Circular Economy – making the most of waste

The circular economy means that we need to change our thinking from the ‘buy-use-throw away’ model to a more sustainable culture. The life cycle of a product needs to be planned from the manufacturing until the end of its use, and products should to stay in circulation rather than thrown away. Waste management is naturally a very important part of the circular economy.
The European Parliament has just approved the so-called Waste Package at its plenary in Strasbourg. “With the new targets for recycling and landfilling, we have clearly pointed the way to the future: our raw materials must be kept in circulation”, said the EPP Group negotiator for the Waste Package, Karl-Heinz Florenz MEP.

“We have substantially improved environmental and climate protection, by reducing landfill amongst others, and at the same time we have put together an economic package for 80,000 potential new jobs and billions in economic growth. Competitiveness and sustainable growth are two sides of the same coin. Europe cannot afford to lose 2.5 billion tons of raw materials due to miserable waste management, especially because of rising raw material costs”, he said.

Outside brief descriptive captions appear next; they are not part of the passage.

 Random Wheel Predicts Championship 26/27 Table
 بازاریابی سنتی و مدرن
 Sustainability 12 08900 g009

“Clear, harmonised definitions and a consistent calculation method for the recycling targets were a central concern for me. Only if all Member countries use the same method, can the recycling results be comparable. Currently, most of them use the method that best suits them – a big loophole that we managed to close”, Florenz pointed out.

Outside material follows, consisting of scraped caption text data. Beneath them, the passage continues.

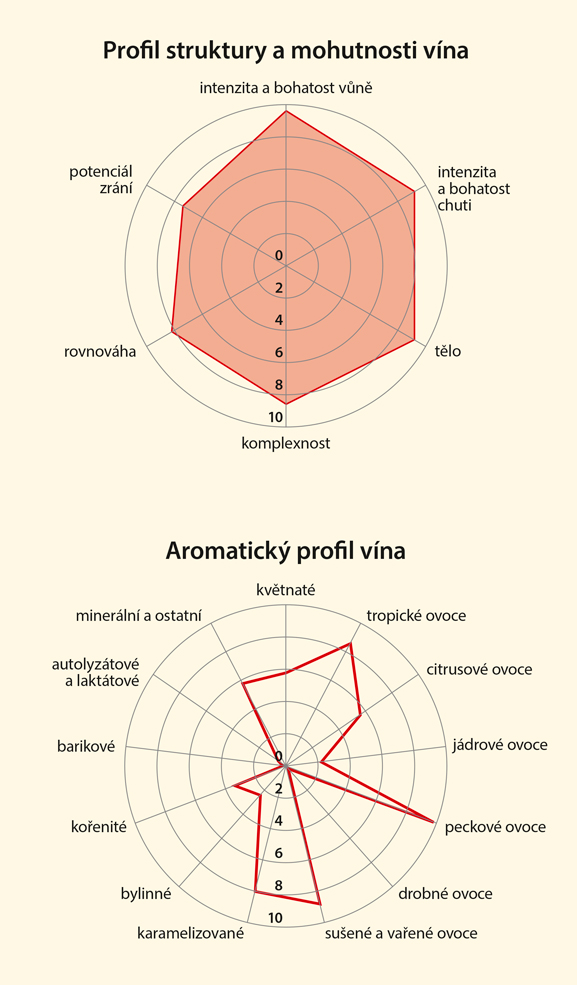Graf senzorických vlastností vína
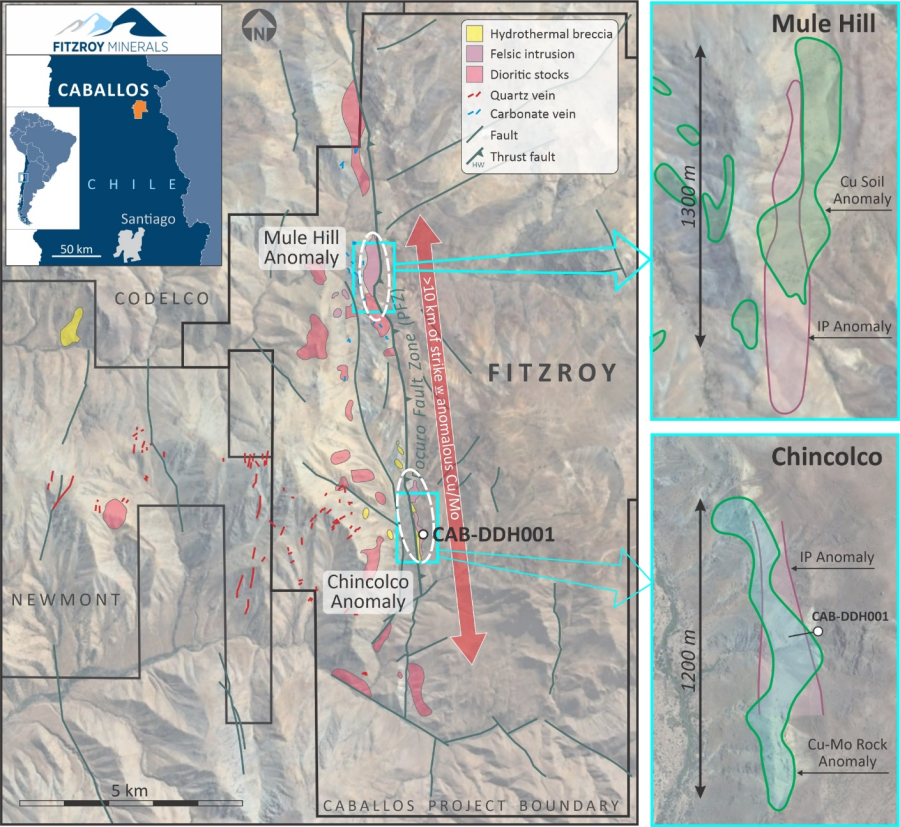 Junior Mining Network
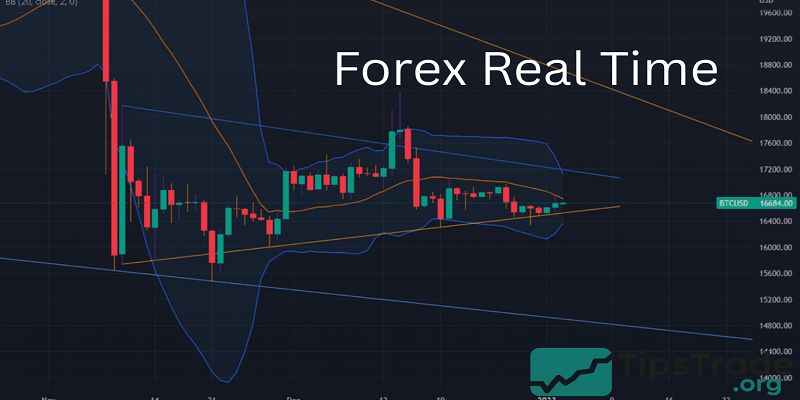 Forex Real Time: Live Charts, Rates, and Trading Strategies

The Waste Package consists of four Reports: the Waste Framework Directive, the Packaging and Packaging Waste Directive, the Landfill Directive as well as the End-Of-Life Vehicles, Batteries and Accumulators and Waste Batteries and Waste Electrical and Electronic Equipment Directive.

The Waste Package sets clear targets for the reduction of waste:
Municipal waste: recycled or prepared for re-use: 55% by 2025, 60% by 2030 and 65% by 2035 (with a derogation of five years for 10 Member States);
Member States will have to set up a separate collection for textiles and hazardous waste from households by 2025 and ensure that bio-waste is collected separately by 2024;
Packaging materials: 65% recycling rate by 2025 and 70% by 2030 with additional material specific targets which encourage the use of recyclable and reusable packaging;
Landfilling limited to 10%, (with a derogation of five years for 10 Member States) although all waste suitable for recycling or other recovery, in particular in municipal waste, shall not be accepted in a landfill by 2030;
Food waste: non-binding 30% reduction by 2025 and 50% by 2050, with a review clause at the end of 2023 for a possible binding target by 2030.